I used PagerDuty for more than a decade at my previous job. I didn't care much f...

compumike · on April 23, 2023

Anyone who has done real engineering would realize that this problem a consequence of a design flaw with PagerDuty (or other alternatives with a similar API, where alerting is only triggered directly by a webhook).

If your design requires that the alerting service can receive a one-off affirmative "something's broken" packet, then yes, you are asking an inherently unreliable distributed system (i.e. the Internet!) to reliably deliver a critical message at a time when you know something is broken. Good luck. :)

Instead, if you use something like a periodic heartbeat (also known as a dead man's switch, inbound liveness monitor, or outbound HTTP probe -- all of which we support at Heii On-Call https://heiioncall.com/ out of the box), you can tolerate some occasional lost messages, regardless of whose end they are on.

Real reliable systems (for example, embedded systems) use periodic heartbeats and watchdogs, and are usually designed to be lenient to the occasional missed heartbeat. If the system being monitored is truly down, then enough consecutive heartbeats will be missed that some threshold is reached and the on-call person can be alerted (or a watchdog timer can reboot a system, etc).

lokar · on April 23, 2023

Also, the system at google is not in the path of the first page (that is direct from the alert infra), the more complex system is only needed for escalation.

traceroute66 · on April 23, 2023

> But you know why PagerDuty does so well? Basically bulletproof reliability. 99% uptime won't cut it. 99.9% uptime won't cut it. You need to be as close as possible to 100% uptime, no excuses.

Ah, but as always, the million dollar question is ..... What does the PagerDuty small print say ?

My guess is the small print is not "bulletproof reliability" or five-nines. I betcha their contract is full of exclusions and get-outs.
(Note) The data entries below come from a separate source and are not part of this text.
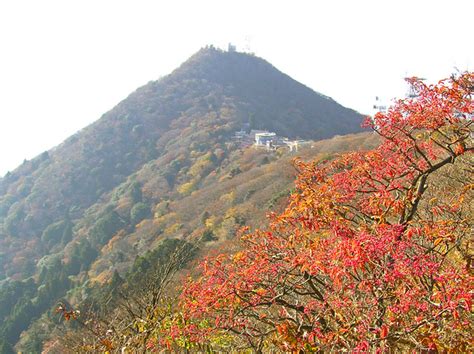 筑波山の紅葉の見頃時期・シーズンは？紅葉を楽しむおすすめの登山ルートとアクセス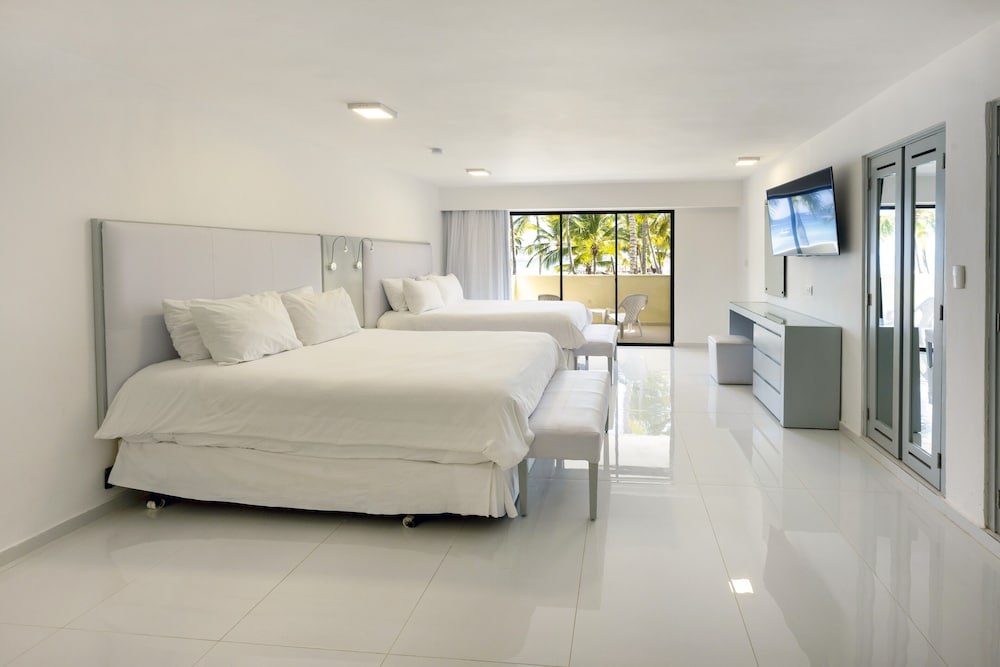 Viva Dominicus Beach by Wyndham, A Trademark All Inclusive 18/50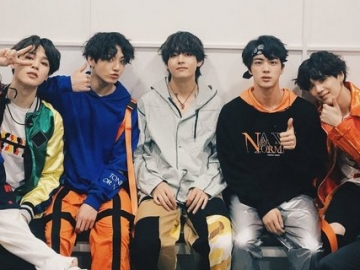 'Fake Love' BTS Menang Perdana di 'Music Bank', Jin cs Terima Kasih ke Fans & Unggah Foto Ganteng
It's a bit like the famous Verizon 100% SLA. Any idiot knows its not technically feasible, but the reason you pay the Verizon-tax is so the've got some cash to pay you the inevitable SLA claims.

folmar · on April 23, 2023

The small print is irrelevant as the amount of money you get for SLA breach is usually less or equal to what you pay.

What matters is the execution and word of mouth. And PagerDuty is widely known to be rock solid.

kakwa_ · on April 25, 2023

Also, the cost of the monitored service being down far exceed (hopefully) any compensation for SLA breach.

Honestly, PD is probably the service I would the least complain about in our (large org) monitoring chain.

At least, it's reliable, which cannot be said of Newrelic for example.

jorts · on April 24, 2023

It's actually pretty straightforward without a lot of get-outs. See Service Credits in the Service Level Agreement [1].

1: https://www.pagerduty.com/standard-service-level-agreement/

SkyPuncher · on April 23, 2023

Sure, but contracts just establish the formal baselines for "when we have to talk".

You still want reliability that's far higher than your contract baselines.

closeparen · on April 23, 2023

We use PagerDuty, but we also have an internal email/SMS based "paging backup" service and I have seen it in action 4 or 5 times in 7 years. PagerDuty isn't bulletproof.

dilyevsky · on April 23, 2023

Yeah I’ve seen a number of outages there so dunno what TP is about.

mads_quist · on April 23, 2023

That's a very helpful comment. Thanks. I might consider adding SMS / Calls to the notification channels. I didn't look from the perspective that Folks described here.

Regarding Uptime 99.99%. That's very true and also a good hint.

My current stack is very robust - tried and tested in many other products that I worked in.

Some other HN user also suggested to include an uptime status page to create this kind of confidence.

perlgeek · on April 23, 2023

> My current stack is very robust - tried and tested in many other products that I worked in.

For uptime you also need to consider the availability of your hosting provider, you might even have to have a fallback installation at a different provider, something along these lines.